In postgres I am trying to insert a lot of data from one table to another - roughly 30 million records. It was taking about 40 minutes to do the whole thing so I thought about splitting the inserts up into a series of 30 smaller ones and doing them asynchronously with a library like asyncpg. Each INSERT INTO... SELECT takes, say, 1.5 minutes to insert approx 1 million records but when using asyncpg I'm not seeing any async behaviour. It looks as though the INSERTS are just happening serially, one after the other. Sample, slightly simplified, code is below. Can anyone spot what I'm doing wrong or suggest an alternative method. Is it even possible to do this? Thanks in advance for your help.
import asyncpg
import asyncio
async def test():
conn = await asyncpg.connect(user='myuser', password='mypassword',
database='mydb', host='myhost')
values = await conn.fetch('''select count(*) from t1''')
rows=values[0][0]
await conn.close()
# get a list of 30 non-overlapping start/end rows for the SELECTS
lst=range(rows)
nums=(lst[i+1:i + int(len(lst)/30)] for i in range(0, len(lst), int(len(lst)/30)))
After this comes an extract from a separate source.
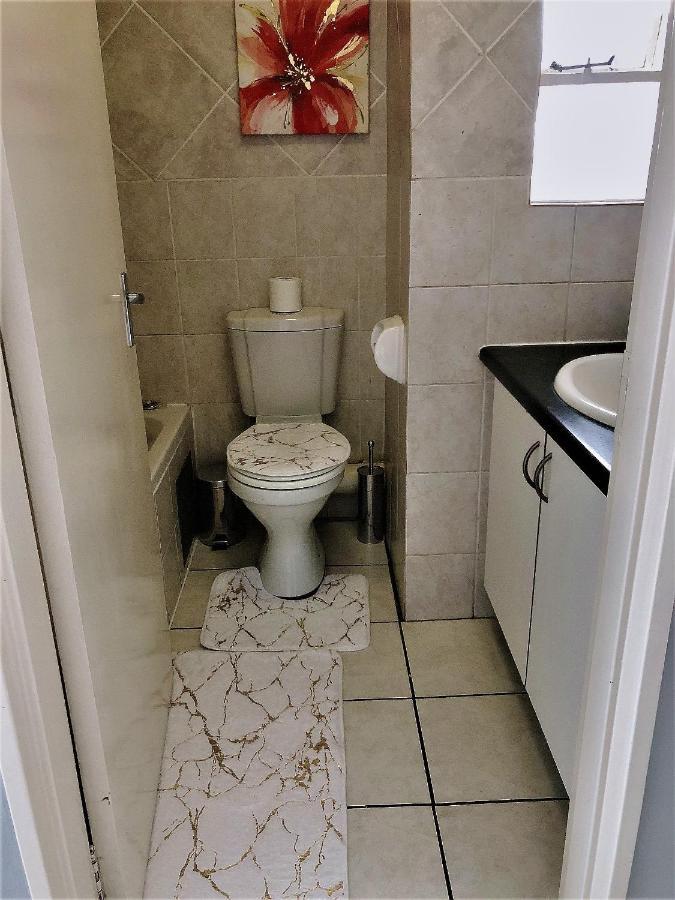@Menlyn Place, Menlyn Maine, Pretoria - Accommodation Buitenkant foto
pool = await asyncpg.create_pool(user='myuser', password='mypassword',
database='mydb', host='myhost')
# The idea is that the below for loop should fire off
# around 30 INSERT... SELECTS asynchronously
for num in nums:
start=num[0]
end=num[len(num)-1]+1
sqlstr=f"""
insert into t2
select
data
from
(
select data , row_number() over() rn
from t1
) as foo where rn between {start} and {end}
"""
async with pool.acquire() as con:
await con.execute(sqlstr)
await pool.close()
loop = asyncio.get_event_loop()
loop.run_until_complete(test())